Instructions for the task
In the listing below, the lines starting with the line with "l-aross Bikerjacke aus Distressed-Leder" and going on through the line with "Puntale Per Albero" are to be reproduced exactly, and only those.

Materials provided
※

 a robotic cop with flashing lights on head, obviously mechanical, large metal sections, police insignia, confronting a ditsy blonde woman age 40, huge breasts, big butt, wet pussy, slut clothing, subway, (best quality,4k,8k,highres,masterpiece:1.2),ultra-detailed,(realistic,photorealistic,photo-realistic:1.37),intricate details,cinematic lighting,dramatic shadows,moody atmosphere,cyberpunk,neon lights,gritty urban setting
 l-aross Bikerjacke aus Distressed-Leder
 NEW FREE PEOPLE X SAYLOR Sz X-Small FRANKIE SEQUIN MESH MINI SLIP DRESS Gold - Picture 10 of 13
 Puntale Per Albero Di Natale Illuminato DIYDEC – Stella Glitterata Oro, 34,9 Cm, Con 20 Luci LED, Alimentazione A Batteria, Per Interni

※

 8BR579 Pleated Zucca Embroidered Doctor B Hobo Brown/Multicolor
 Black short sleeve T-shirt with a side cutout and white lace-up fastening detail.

※

Answer section
 l-aross Bikerjacke aus Distressed-Leder
 NEW FREE PEOPLE X SAYLOR Sz X-Small FRANKIE SEQUIN MESH MINI SLIP DRESS Gold - Picture 10 of 13
 Puntale Per Albero Di Natale Illuminato DIYDEC – Stella Glitterata Oro, 34,9 Cm, Con 20 Luci LED, Alimentazione A Batteria, Per Interni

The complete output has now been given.